Le Samaritain de Schrödinger – Luc 10, 25-27
CFS, j’ai amené mon verre personnel pour notre premier apéritif à l’issue du culte.
Alors, je vais vous poser une question que vous connaissez bien : est-il à moitié plein ou à moitié vide ?
Qui a raison ? Qui a tort ?
Il n’y a bien sûr pas de bonne réponse à cette question. C’est notre imagination, notre psychologie, peut-être notre idéologie, ou nos options politiques qui nous font choisir l’une ou l’autre réponse.
Faisons une autre expérience de pensée, bien connue aussi. Celle du chat de Schrödinger, du nom d’un physicien de la première moitié du XXème siècle.
Vous en avez déjà entendu parler. Un chat est placé dans une boîte, relié à un dispositif qui va diffuser du poison, dispositif lui-même relié à un appareil qui mesure la désintégration d’un corps radioactif. Cette désintégration est aléatoire, mais on sait qu’au bout de 10 minutes l’atome a parcouru en moyenne une demi-vie, en 20 minutes, il est sûr qu’il est totalement désintégré. Cela signifie qu’au bout de 10 minutes il y a 50% de chances que le chat soit encore vivant, 50% de chances qu’il soit encore mort. Si on n’ouvre pas la boîte la théorie quantique qui est l’enjeu de cette expérience de pensée dira qu’il est à la fois vivant et mort.
Comme Joachim n’a pas accepté de me prêter son chat – si vous le croisez à l’occasion sachez qu’il s’appelle Karma -, et que Schrödinger a bien expliqué qu’il s’agissait d’une expérience de pensée quant à des phénomènes qui se passe au niveau atomique et non au niveau du vivant, nous allons tenter une autre expérience pour comprendre cela.
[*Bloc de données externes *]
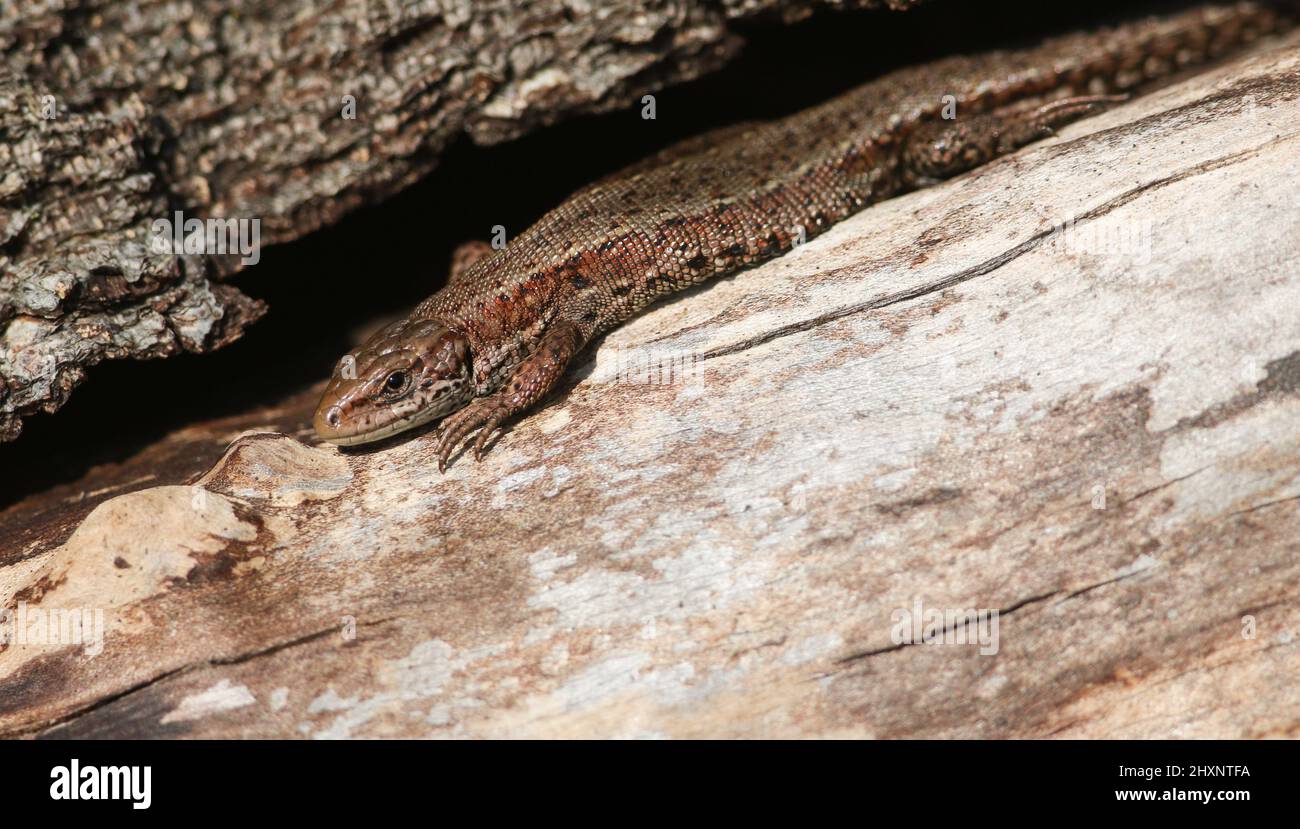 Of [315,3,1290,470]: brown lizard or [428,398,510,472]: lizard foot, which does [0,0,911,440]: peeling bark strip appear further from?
[428,398,510,472]: lizard foot

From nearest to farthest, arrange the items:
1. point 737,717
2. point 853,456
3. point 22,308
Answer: point 737,717, point 853,456, point 22,308

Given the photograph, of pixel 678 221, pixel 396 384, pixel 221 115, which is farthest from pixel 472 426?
pixel 221 115

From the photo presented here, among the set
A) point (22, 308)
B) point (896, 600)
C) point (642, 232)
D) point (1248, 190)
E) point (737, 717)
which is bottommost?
point (737, 717)

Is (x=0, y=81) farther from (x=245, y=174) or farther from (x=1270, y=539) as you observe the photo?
(x=1270, y=539)

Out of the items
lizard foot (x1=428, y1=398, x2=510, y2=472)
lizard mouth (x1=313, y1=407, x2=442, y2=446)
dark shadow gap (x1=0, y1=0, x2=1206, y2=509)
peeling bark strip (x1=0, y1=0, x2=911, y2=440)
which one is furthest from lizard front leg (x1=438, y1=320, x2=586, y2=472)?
dark shadow gap (x1=0, y1=0, x2=1206, y2=509)

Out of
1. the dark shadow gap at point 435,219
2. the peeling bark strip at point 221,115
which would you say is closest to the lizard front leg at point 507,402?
the peeling bark strip at point 221,115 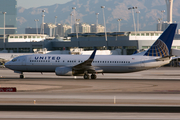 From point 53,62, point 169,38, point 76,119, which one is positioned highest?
point 169,38

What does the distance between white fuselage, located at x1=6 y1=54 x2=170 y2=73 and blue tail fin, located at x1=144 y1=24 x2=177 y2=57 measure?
3.94 ft

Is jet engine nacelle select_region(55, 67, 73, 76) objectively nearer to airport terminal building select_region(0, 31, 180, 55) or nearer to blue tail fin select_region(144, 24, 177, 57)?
blue tail fin select_region(144, 24, 177, 57)

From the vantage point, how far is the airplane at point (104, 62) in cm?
4744

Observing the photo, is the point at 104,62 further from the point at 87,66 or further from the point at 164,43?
the point at 164,43

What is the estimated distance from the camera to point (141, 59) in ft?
157

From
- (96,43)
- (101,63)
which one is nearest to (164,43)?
(101,63)

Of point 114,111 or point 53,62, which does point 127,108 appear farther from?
point 53,62

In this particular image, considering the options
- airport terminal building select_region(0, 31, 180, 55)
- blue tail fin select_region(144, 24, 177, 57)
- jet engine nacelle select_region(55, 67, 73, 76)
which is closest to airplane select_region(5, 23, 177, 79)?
blue tail fin select_region(144, 24, 177, 57)

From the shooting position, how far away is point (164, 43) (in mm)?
48500

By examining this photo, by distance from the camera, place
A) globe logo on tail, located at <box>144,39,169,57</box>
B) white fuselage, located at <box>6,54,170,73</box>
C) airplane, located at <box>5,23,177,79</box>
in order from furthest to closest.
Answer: globe logo on tail, located at <box>144,39,169,57</box> < white fuselage, located at <box>6,54,170,73</box> < airplane, located at <box>5,23,177,79</box>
Je prends une pièce de monnaie. Je la lance.
Au moment où elle était en l’air, à son apogée, était-elle pile ou face ? Elle était alors à la fois pile et face. Personne ne pouvait savoir sur quel côté elle allait atterrir.
Maintenant que je l’ai dans la main. Est-elle pile ou face ?
Tant que je ne la regarde pas, elle est toujours à la fois pile et face.
Je vais donc la mettre de côté, sans la regarder.
Prenons maintenant une autre histoire, encore plus connue. C’est peut-être l’histoire la plus connue au monde. La parabole du bon samaritain que nous a lue Hadidja.
« Un homme tombe sur des bandits ; ceux-ci, après l’avoir dépouillé et roué de coups, s’en allèrent, le laissant à moitié mort. Par hasard, un prêtre descendait par ce chemin ; il le vit et passa de l’autre côté. De même un lévite arriva à cet endroit ; il le vit et passa de l’autre côté ».
On note tout d’abord que les deux premiers passants passent « par hasard ». Ils auraient pu ne pas passer, il y a de l’aléatoire dans le déroulement de nos vies.
Les deux hommes ont en commun d’être des hommes très religieux. Ceci est moins aléatoire, cela relève d’un choix. Ils vont aussi choisir de ne pas s’arrêter. C’est une décision.
Comme ils sont spécialistes en questions religieuses ils connaissent très bien les lois rituelles. Et parmi ces lois il en est une, qui vient du livre des Nombres, qui dit « Celui qui touche un mort est impur…S’il ne se purifie pas, il souille la demeure du Seigneur » (Nb 19,11-13) ».
Or la victime est quasi-morte dans le fossé.
Ils sont peut-être en route pour un pèlerinage ou par aller accomplir le service du temple à Jérusalem. Pour ne pas risquer de se trouver en situation d’impureté, ils vont choisir de passer leur chemin. Si je dis cela, c’est un choix de ma part, une interprétation, comme de dire que le verre est à moitié plein ou vide. Parce que le texte ne nous donne pas d’explication. Mais c’est l’explication la plus cohérente.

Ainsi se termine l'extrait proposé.